Last Saturday, as the St. Patrick’s Parade filled Fifth Avenue with the music of bagpipes and marching bands, Bishop Nicholas DiMarzio of Brooklyn and Cardinal Timothy Dolan, Archbishop of New York, greeted the crowd from the sidewalk in front of Saint Patrick’s Cathedral. It was a symbolic image – two descendants of Irish and Italian immigrants as the leaders of the Catholic Church in the greatest city of the world.
The people in the parade were celebrating their Irish heritage, of course, but they were also celebrating two successful evangelization processes – the evangelization of Ireland by Saint Patrick, and the growth of the Catholic Church in America created by successive waves of Irish immigrants.
Poor Irish immigrants built the foundations of the Catholic Church in New York and many other cities in America. German, Polish, Italian immigrants jointed the Irish faithful during the 1800’s and the 1900’s.
In many of their countries of origin, Catholicism was the official religion, but they soon realized that in their new country, they would need to build the churches if they wanted to worship. Build they did, and they kept the faith alive.
Italian and Irish Catholics for almost two centuries have been the backbone of the Church in America. Today, the faithful come from the peripheries of the world, especially from Latin America.
One thing though remains constant – it is still a church of immigrants, as it has been for most of its history. More often than not, Catholics in America have been poor newcomers seen with distrust or skepticism by older, more established communities. And immigration remains a hot political issue, as it has been during several periods of our history.
While rejection has been a typical reaction to the arrival of large numbers of new immigrants, the situation today presents special challenges. The assimilation process for immigrants of yesteryear was more painful than it is today. Communications with family and friends in the old country were difficult and slow. On the other hand, the assimilation process under these strenuous circumstances was accomplished in a shorter time.
The process of becoming an American takes longer today. People go back to their original lands quite often; they can communicate instantly with the relatives they left behind. The old notion of the melting pot has been replaced in some quarters by that of the cultural mosaic. Sometimes the very notion of integration is rejected. We no longer have a consensus about how immigrants can become Americans.
As Christians, we know what Jesus said: “Come, you whom my Father has blessed, take as your heritage the kingdom prepared for you since the foundation of the world. For I was hungry and you gave me food, I was thirsty and you gave me drink, I was a stranger and you made me welcome.”

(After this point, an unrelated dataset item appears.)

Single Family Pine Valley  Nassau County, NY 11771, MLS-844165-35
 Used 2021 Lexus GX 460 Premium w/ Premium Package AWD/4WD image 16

As American citizens, we need to work for the integrity of the country and the welfare of its citizens. A welcoming attitude and respect for the law should be compatible. We need to be able to discuss our differences and reach compromises. St. Patrick’s Day, and indeed the season of Lent, is a perfect time to remember our immigrant ancestors and to think seriously, without prejudice, about what we need today to keep America – the land of opportunity and a nation of immigrants – true to itself.